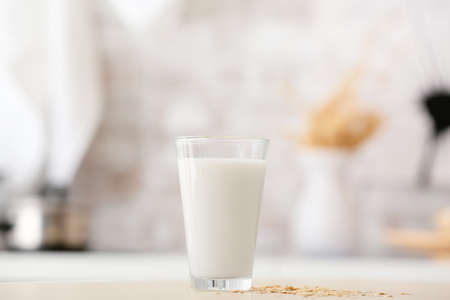 Glass of tasty oat milk on tableの写真素材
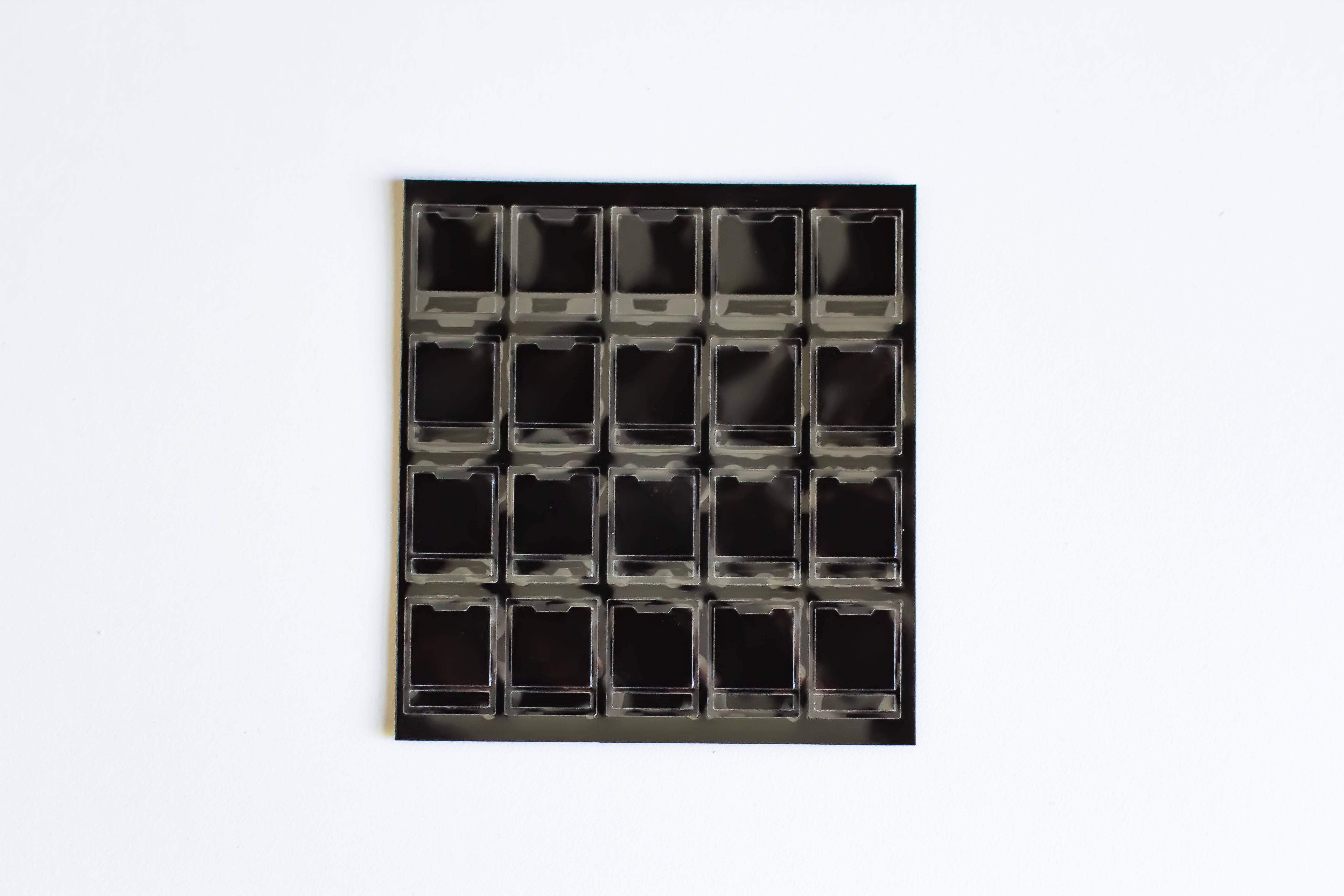 A single sheet of Deskeys mechanical keyboard switch films.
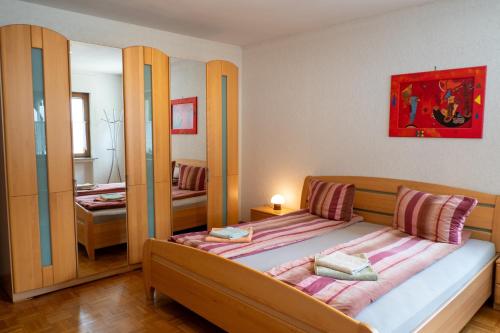 a small bedroom with a bed and a mirror at Ferienwohnung Riesling in Klüsserath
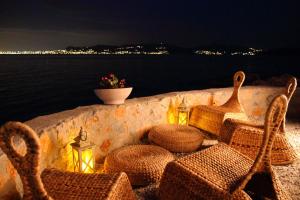 a table with wicker chairs and lights and the water at Kekrifalia Hotel in Skala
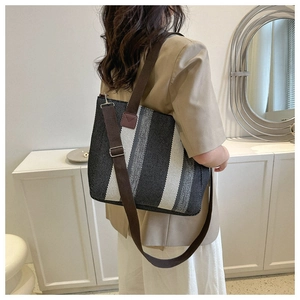 Striped woven tote bag shown on model with brown shoulder strap and large capacity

▶ _What the exercise asks_:
Omit every picture, then write out the entries above exactly.

▶ _Your solution_:
 Glass of tasty oat milk on tableの写真素材
 A single sheet of Deskeys mechanical keyboard switch films.
 a small bedroom with a bed and a mirror at Ferienwohnung Riesling in Klüsserath
 a table with wicker chairs and lights and the water at Kekrifalia Hotel in Skala
 Striped woven tote bag shown on model with brown shoulder strap and large capacity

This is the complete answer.